Though this is a purely enterprise point of view, I have mixed views on the move to cloud/vendor-hosted solutions. 

For legacy applications that were hosted on site at my place of work, I welcome an upgrade to vendor-hosted/cloud versions because the old ones were out of date and were a burden for us in the IT department when something broke. Moving to the cloud/vendor-hosted in my experience has improved simplicity for both our users and, more importantly, us in the IT dept. An added bonus is that the people hosting/maintaining the application are the ones who wrote it. So they can patch without bothering us and we have some confidence in their abilities. 

On the other hand, having Active Directory in the cloud is a notion that scares me. I feel better for things like that being on site. Perhaps it is my lack of experience with Azure AD, but I wouldn't like if that went down for some reason and there wouldn't be anything I could do about it. I think mission critical stuff can stay on prem for now.


----------



## lexluthermiester (Sep 2, 2019)

Boatvan said:


> On the other hand, having Active Directory in the cloud is a notion that scares me. I feel better for things like that being on site. Perhaps it is my lack of experience with Azure AD, but I wouldn't like if that went down for some reason and there wouldn't be anything I could do about it. I think mission critical stuff can stay on prem for now.


Been told that data loss can happen if the connection doesn't stay active. This another aspect of cloud storage that worries me.


----------



## Boatvan (Sep 2, 2019)

lexluthermiester said:


> Been told that data loss can happen if the connection doesn't stay active. This another aspect of cloud storage that worries me.


That does not give me warm fuzzies if you know what I mean... We have a cloud directory in Gsuite that syncs with AD nightly. Connection issues put a halt to this. If we ever get to a place where it can cache changes as a guaranteed fail safe,  I'd feel better. I honestly do not know much about cloud AD, but off the bat the notion is terrifying.


----------



## Solaris17 (Sep 2, 2019)

lexluthermiester said:


> Been told that data loss can happen if the connection doesn't stay active. This another aspect of cloud storage that worries me.



Not sure by who.



Boatvan said:


> That does not give me warm fuzzies if you know what I mean... We have a cloud directory in Gsuite that syncs with AD nightly. Connection issues put a halt to this. If we ever get to a place where it can cache changes as a guaranteed fail safe,  I'd feel better. I honestly do not know much about cloud AD, but off the bat the notion is terrifying.

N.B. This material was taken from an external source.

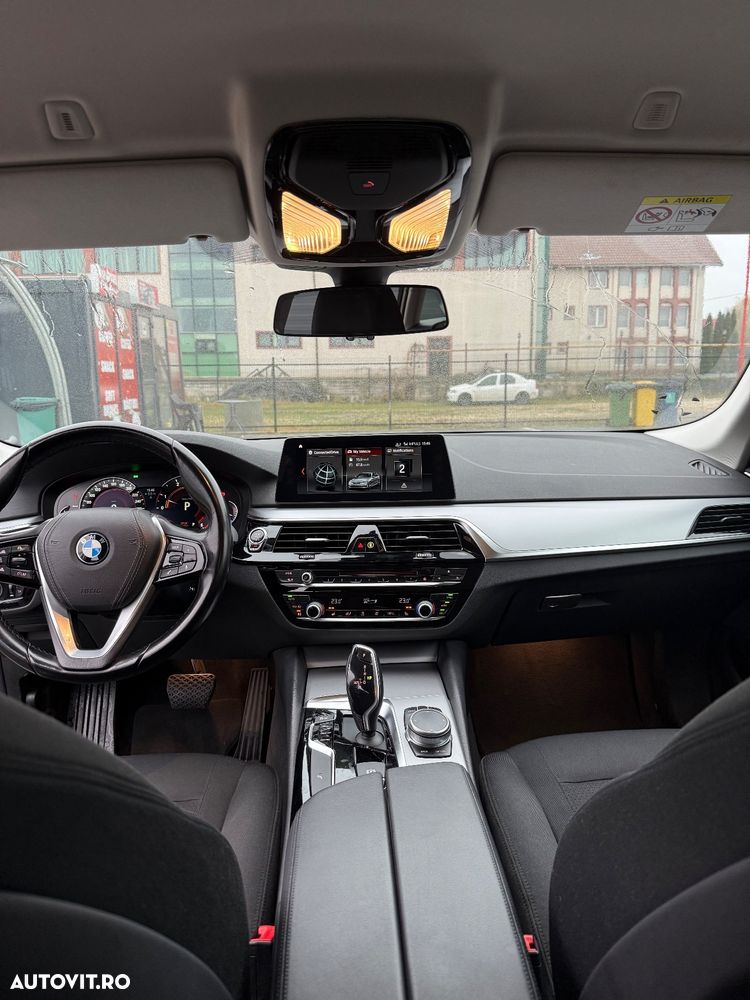 BMW Seria 5 520d Touring Aut. Luxury Line - 10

Azure AD is for the _most_ part authentication only/MDM/SSO. Azure AD doesnt do GPO services so most environments link local DCs to the azure AD service. AFAIK in cases of link failure the local DC (since it is the one incrementing) is always authoritative. So Azure AD almost runs like a readonly-DC with out the usefulness of GPOs or software deployments.


----------



## Boatvan (Sep 2, 2019)

@Solaris17 I defer to more knowledgeable folks (like yourself) on that. If that is the case, I don't see too many issues then. 

I do present this then: Why switch? What is the benefit for the enterprise subscribing? Legit want to know. Thanks in advance.


----------



## Solaris17 (Sep 2, 2019)

Boatvan said:


> @Solaris17 I defer to more knowledgeable folks (like yourself) on that. If that is the case, I don't see too many issues then.
> 
> I do present this then: Why switch? What is the benefit for the enterprise subscribing? Legit want to know. Thanks in advance.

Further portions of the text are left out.